WORK ORDER: The material below holds pictures; leave them out and reproduce exactly the lines from the one with "15. Bulletins on" through the one with "李准基和陈翔长的很像?", inclusive.

=-=-=

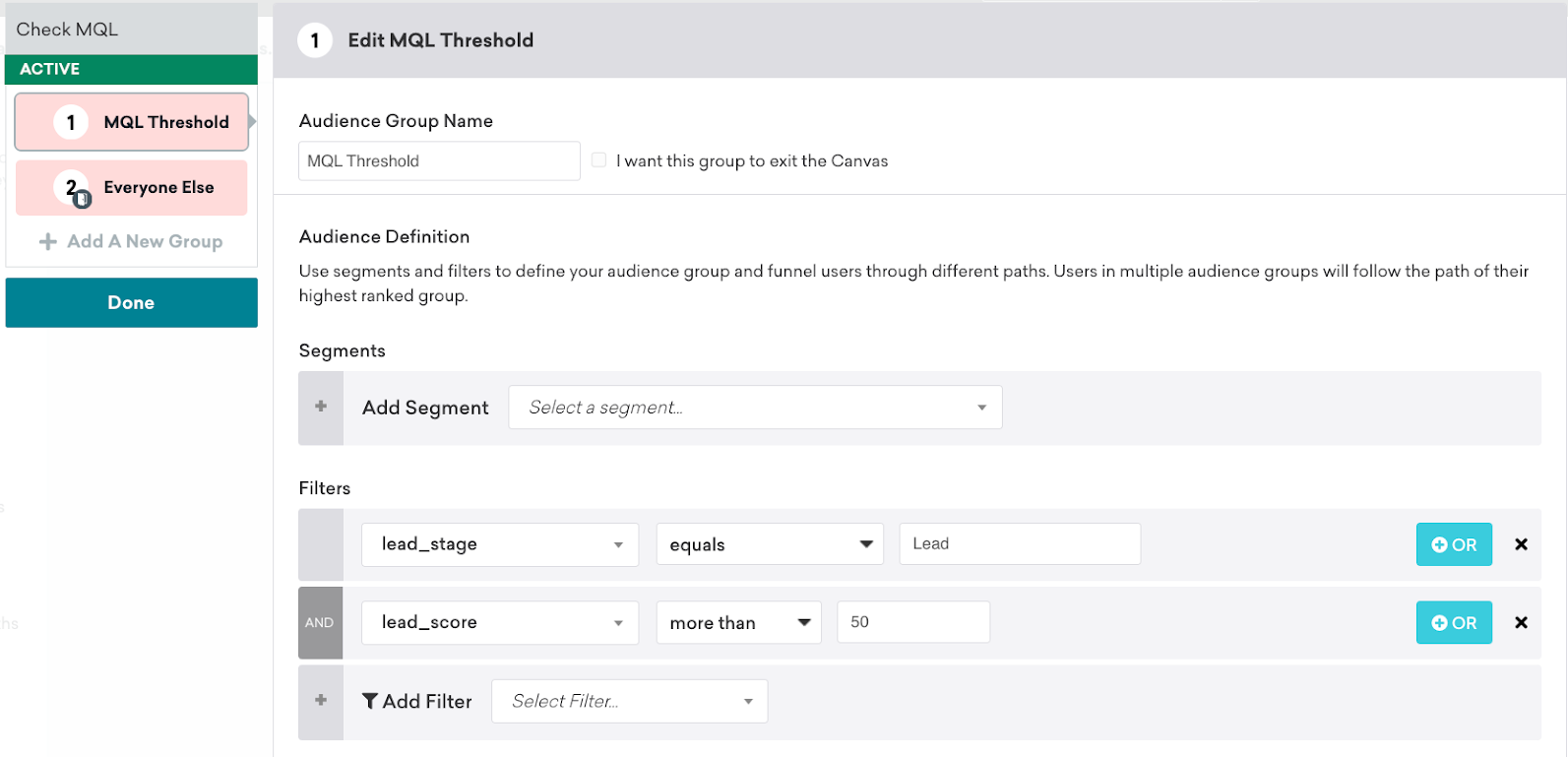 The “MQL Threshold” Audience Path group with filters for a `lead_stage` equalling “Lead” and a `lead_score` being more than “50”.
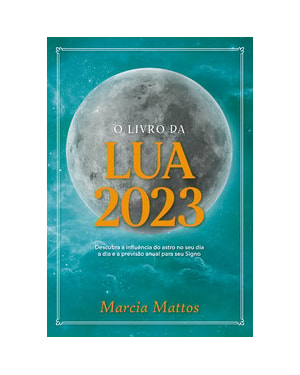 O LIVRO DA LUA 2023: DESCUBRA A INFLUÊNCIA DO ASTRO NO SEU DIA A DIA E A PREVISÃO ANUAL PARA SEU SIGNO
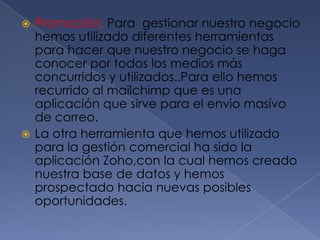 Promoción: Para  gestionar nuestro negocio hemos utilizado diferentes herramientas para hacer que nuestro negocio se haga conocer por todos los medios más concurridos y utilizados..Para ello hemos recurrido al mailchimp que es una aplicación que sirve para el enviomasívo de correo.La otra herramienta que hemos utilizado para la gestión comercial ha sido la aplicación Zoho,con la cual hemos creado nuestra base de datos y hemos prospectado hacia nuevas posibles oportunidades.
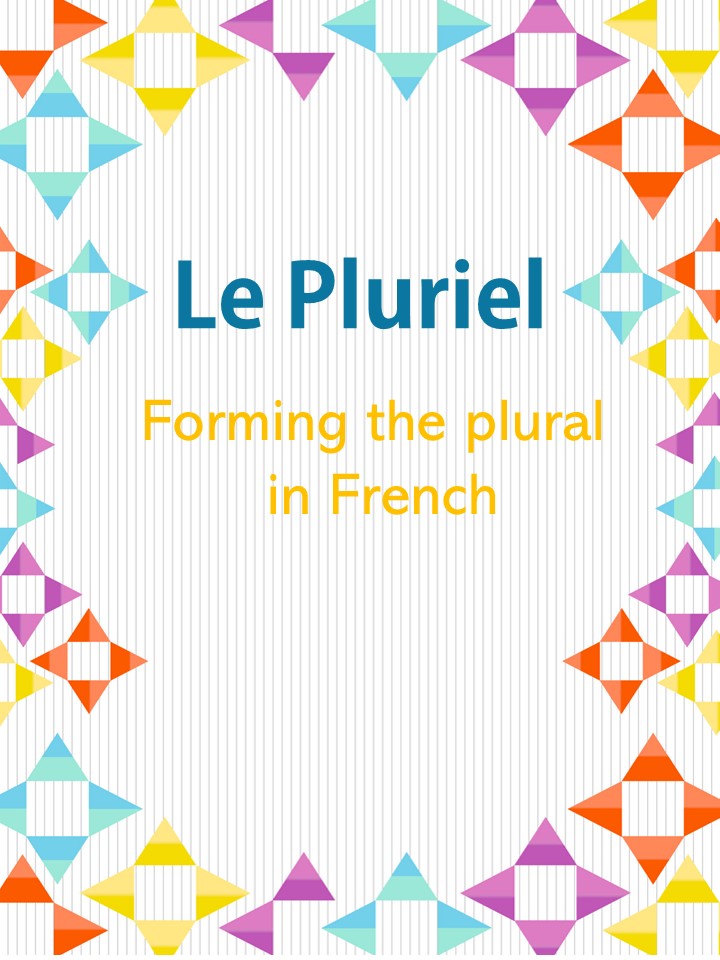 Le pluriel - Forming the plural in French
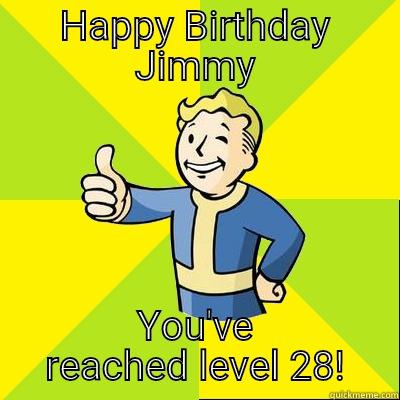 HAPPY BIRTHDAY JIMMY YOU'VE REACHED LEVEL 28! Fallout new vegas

=-=-=

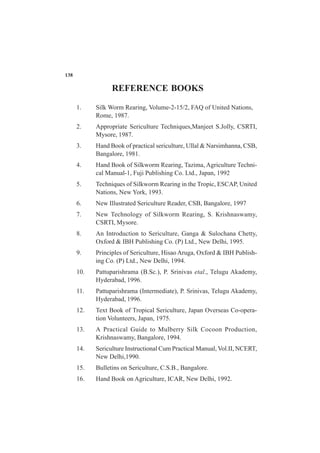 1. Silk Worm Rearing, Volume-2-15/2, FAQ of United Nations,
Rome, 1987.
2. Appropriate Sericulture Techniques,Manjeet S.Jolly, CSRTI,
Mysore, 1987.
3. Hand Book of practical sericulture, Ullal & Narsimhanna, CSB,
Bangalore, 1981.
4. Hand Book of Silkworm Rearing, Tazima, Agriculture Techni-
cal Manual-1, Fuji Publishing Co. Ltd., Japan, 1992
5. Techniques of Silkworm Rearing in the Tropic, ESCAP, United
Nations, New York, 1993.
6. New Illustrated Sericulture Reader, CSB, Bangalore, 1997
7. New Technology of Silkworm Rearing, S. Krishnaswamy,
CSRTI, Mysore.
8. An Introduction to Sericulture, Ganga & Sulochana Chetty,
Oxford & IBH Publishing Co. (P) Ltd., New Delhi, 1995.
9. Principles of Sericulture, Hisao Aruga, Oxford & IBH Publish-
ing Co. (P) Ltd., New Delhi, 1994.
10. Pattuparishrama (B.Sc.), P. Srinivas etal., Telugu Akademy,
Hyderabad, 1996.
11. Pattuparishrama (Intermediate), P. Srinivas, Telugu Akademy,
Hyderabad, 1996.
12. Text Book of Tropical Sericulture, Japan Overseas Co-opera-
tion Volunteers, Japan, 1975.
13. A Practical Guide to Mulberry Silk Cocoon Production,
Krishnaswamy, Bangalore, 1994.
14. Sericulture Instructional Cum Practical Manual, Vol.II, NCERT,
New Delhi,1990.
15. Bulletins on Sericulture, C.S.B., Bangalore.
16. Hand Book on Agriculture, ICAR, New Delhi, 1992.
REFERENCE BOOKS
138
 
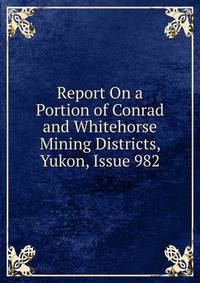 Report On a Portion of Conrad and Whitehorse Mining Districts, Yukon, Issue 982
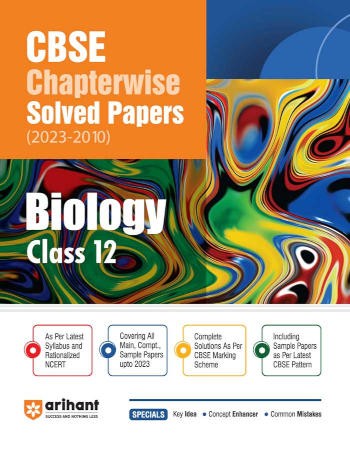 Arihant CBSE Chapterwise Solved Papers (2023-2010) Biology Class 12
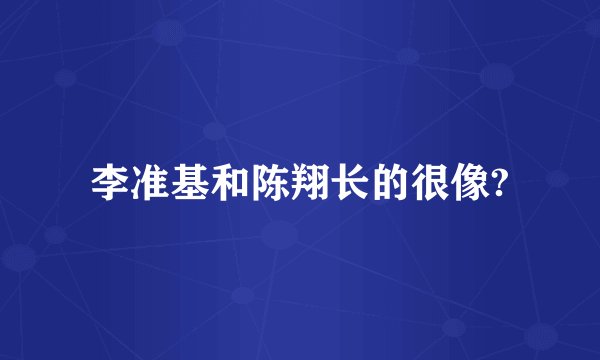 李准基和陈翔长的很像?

=-=-=

WRITTEN SOLUTION:
15. Bulletins on Sericulture, C.S.B., Bangalore.
16. Hand Book on Agriculture, ICAR, New Delhi, 1992.
REFERENCE BOOKS
138
 
 Report On a Portion of Conrad and Whitehorse Mining Districts, Yukon, Issue 982
 Arihant CBSE Chapterwise Solved Papers (2023-2010) Biology Class 12
 李准基和陈翔长的很像?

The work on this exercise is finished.